# Ghost Fan coming on!



## meenus (May 15, 2014)

Hello to all. In regards to my home HVAC unit. It is a dual pack, roof mounted, WeatherKing about 16 years old now. Last summer when the ambient temperature got over 90 degrees and the attic, may be well over 100 to 120+ I am having a fan come on and blow through the ducting system. It is not the AC blower but it is the heating unit fan blower motor. This I know because I have pulled the burner access panel off and have to literally move the limit controller to shut the fan off. Once off it will not come on again until the next day when the attic temperature rises. If the AC unit is being used, after the sun goes down and the house is cool, the fan blower goes off on its own. Main point, when nobody is home and everything is off, it comes on by itself. Is this a faulty Heater Fan Limit Controller??? The pointers are set at 100 degrees and 200 degrees. Also, at times last winter, not always, when running the heater, this fan would run continuously after the thermostat would be moved to a very low setting to shut the call for heat down.

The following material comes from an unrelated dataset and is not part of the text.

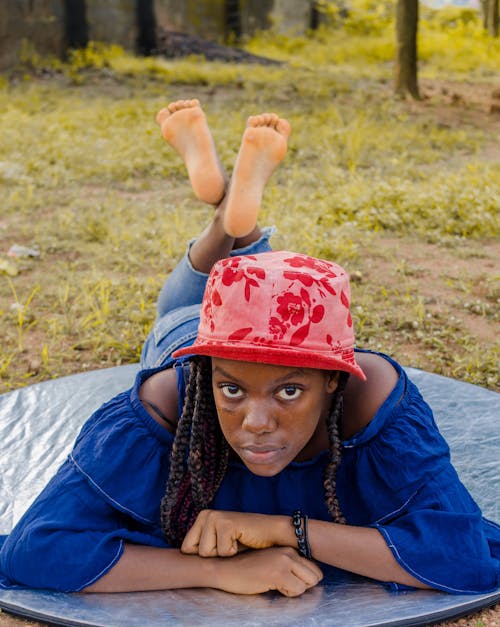 Young Woman Posing in Red Hat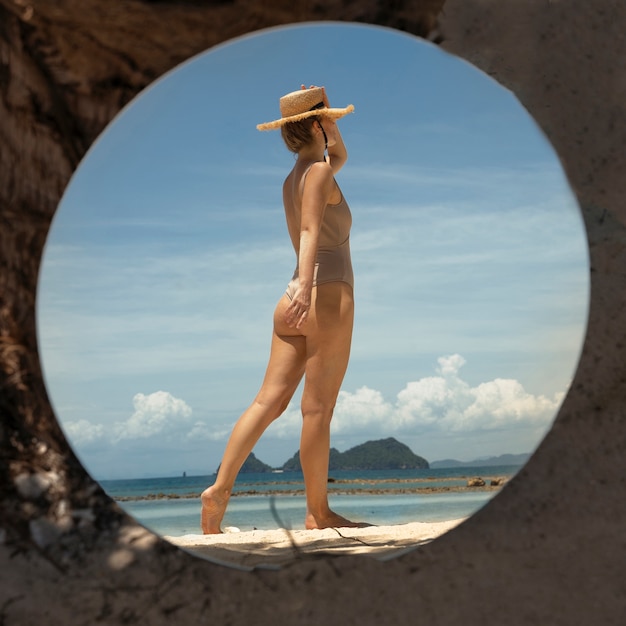 Photo gratuite femme à la plage en été posant avec miroir rond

Upon this happening, we would call for heat again at the thermostat and after reaching the desired room temperature, it would do a normal shutdown. Any thoughts appreciated. Thanks


----------



## RobertBranon (May 14, 2014)

*Worn out fan/limit control*

Replace fan/limit control 200 high limit 100 fan off some controls have fan on set around 140 but at 100 off the fan will come on with hot attic temp good luck in that attic


----------